If you're familiar with management theory background and the evolution that led to present practices, your greater understanding of management principles can help you manage employees more effectively. Management theories have evolved from an emphasis on authority and structure to a focus on employees. There are still competing theories regarding what motivates an employee, but knowing how the theories arrived at their conclusions can help you with your own employees.
Management theory originated with "scientific" and "bureaucratic" management that used measurement, procedures and routines as the basis for operations. Organizations developed hierarchies to apply standardized rules to the workplace and punished workers for not following them. With the "human relations" movement, companies started emphasizing individual workers. Contemporary management theories, including system theory, contingency theory and chaos theory, focus on the whole organization, with employees as a key part of the system.
Management theories have evolved to acknowledge that corporate culture can be a contributor to performance. If you can develop a sense of belonging to a group for your company, you can manage the business for improved financial performance and return on investment. To work well with a positive corporate culture as a manager, you have to work through the culture and not try to control it. A positive corporate culture takes care of a lot of informal exchange of information and behavioral norms.

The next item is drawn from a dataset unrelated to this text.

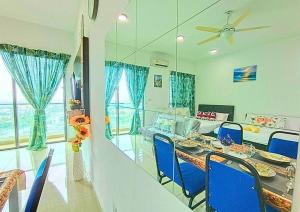 #CS6, Lovely Cybersquare Ensuite with Skyline View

All contemporary management theories emphasize measurement and quantitative analysis. Management has evolved to focus on fundamental company operating results and business variables that are relevant, specific to goals and quantifiable. Information technology allows you to analyze large data sets and extract trends. You can evaluate key performance indicators, which track data affecting your objectives, to tell you how well you are advancing toward your goals. You can perform these evaluations independently of the management style and organizational structure of the company.
Management theories have evolved into two competing orientations. Theory X assumes employees don't want to work and act out of self-interest. Managers have to put in place a disciplinary structure to guide employees in the execution of their work. If you function with theory X, you have to tell employees what to do and encourage them to do it.
Theory Y assumes employees want to carry out interesting and rewarding work and seek reward in the achievement. Managers have to set goals and allow employees to find creative ways to reach them. If your company culture is in line with theory Y, you facilitate employee effort and act more like a coach.